Menurut Wijayanto, hal itu dilakukan dengan dengan cara menggiring opini publik menggunakan cyber troops, buzzer, dan influencer.
"Tapi, hari ini sepertinya, dan mudah-mudahan optimisme saya ini juga menemukan realitas empirisnya, manipulasi itu terbongkar. Jadi, sepertinya semua sepakat dan melihat kecurangan sedang berlangsung," ujarnya.
Baca Juga
Lebih lanjut, berdasarkan penelitian yang dilakukan oleh pihaknya dengan berbagai lembaga, salah satunya Universitas Diponegoro, Wijayanto menjelaskan, rezim saat ini melakukan berbagai kebijakan yang sebebarnya ditolak secara luas oleh kalangan kritis, seperti intelektual di kampus.

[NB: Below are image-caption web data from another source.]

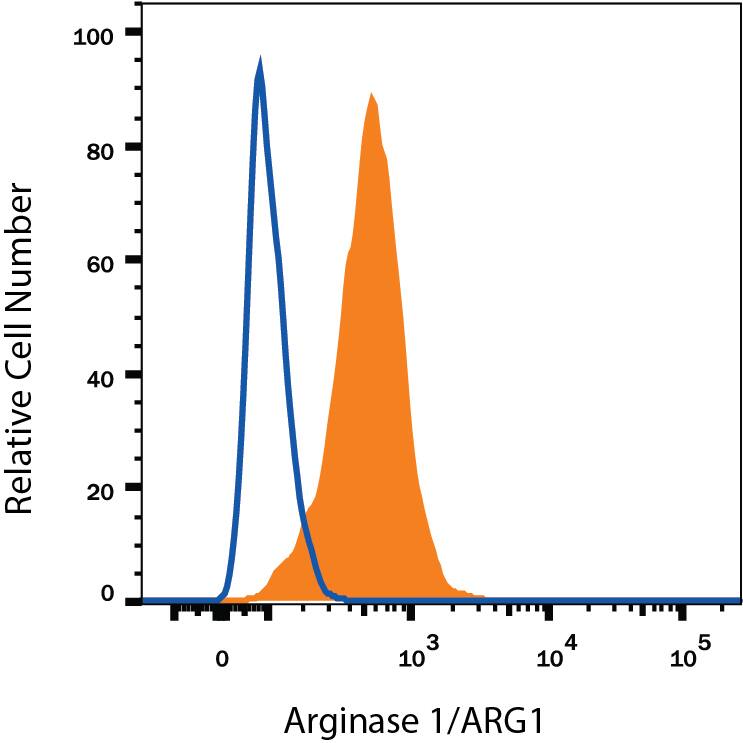HepG2 human hepatocellular carcinoma cell line was stained with Sheep Anti-Human/Mouse Arginase 1/ARG1 PE-conjugated Antigen Affinity-purified Polyclonal Antibody (Catalog # IC5868P, filled histogram) or isotype control antibody (Catalog # IC016P, open histogram). To facilitate intracellular staining, cells were fixed with Flow Cytometry Fixation Buffer (Catalog # FC004) and permeabilized with Flow Cytometry Permeabilization/Wash Buffer I (Catalog # FC005). View our protocol for Staining Intracellular Molecules.
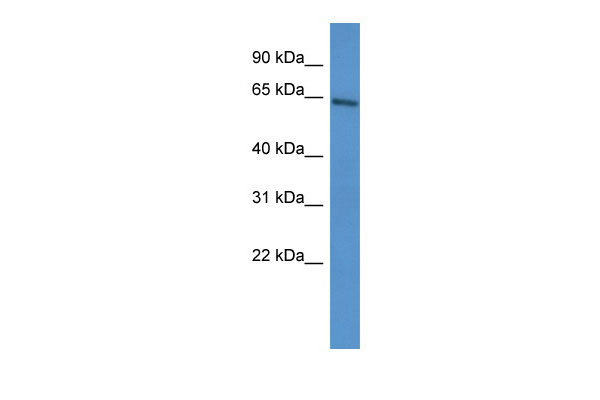 1 - Arntl2 antibody - C-terminal region AI10438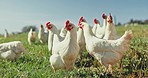 Group, chickens or agriculture in nature field for meat, protein or eggs industry. Birds, poultry or animals eating in grass farm environment for countryside sustainability, Brazil or agro production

"Tapi selalu mendapatkan dukungan. Mari kita periksa seperti misalnya KPK, kita melihat ada manipulasi dengan (isu) KPK Taliban, dan masih banyak anggota dewan semuanya setuju pada kebijakan itu, termasuk kemudian omnibus law, lalu kemudian juga new normal, dan IKN," ungkapnya.
Di sisi lain, Wijayanto melihat, cara-cara serupa akan diulangi dengan cara melakukan kecurangan pada Pemilu 2024.
“Hari ini kita melihat bahwa cara-cara serupa itu mau diulangi dengan cara melakukan kecurangan menjelang pemilu. Namun, penolakan terjadi begitu meluas. Kita saksikan ada satu pecahan di antara oligarki, mereka menentang upaya-upaya untuk melakukan kecurangan menjelang pemilu, melakukan manipulasi terhadap konstitusi (MK)," terangnya.